# CLUMPS-PTM
An algorithm for identifying 3D clusters ("clumps") of post-translational modifications (PTMs). Developed for the Clinical Proteomic Tumor Atlas Consortium ([CPTAC](https://proteomics.cancer.gov/programs/cptac)). Full project repoistory for pan-cancer project can be found [here](https://github.com/getzlab/CPTAC_PanCan_2021).
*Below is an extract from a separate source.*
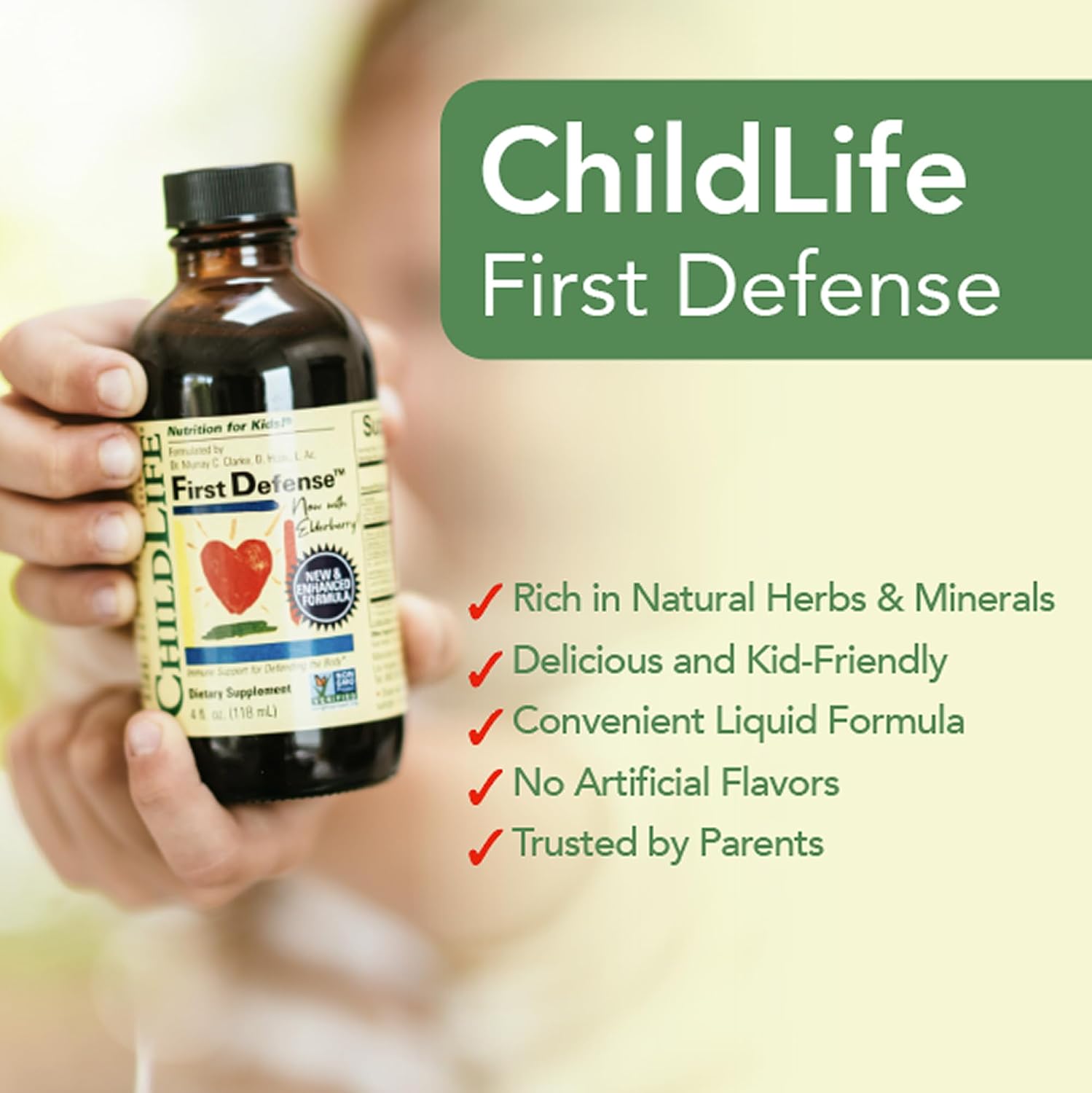 CHILDLIFE ESSENTIALS First Defence – Liquid Immune Support for Children, Elderberry & Zinc, Non-GM, Gluten-free, 4 fl oz (118 ml) (Pack of 3) - görsel 6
__Author__: Shankara Anand
__Email__: sanand@broadinstitute.org
_Requires Python 3.6.0 or higher._
## Installation
##### PIP
`pip3 install clumps-ptm`
or
##### Git Clone
```
git clone git@github.com:getzlab/CLUMPS-PTM.git
cd CLUMPS-PTM
pip3 install -e .
```
## Use
CLUMPS-PTM has 3 general phases of analysis:
1. __Mapping__: taking input PTM proteomic data and mapping them onto PDB structural data.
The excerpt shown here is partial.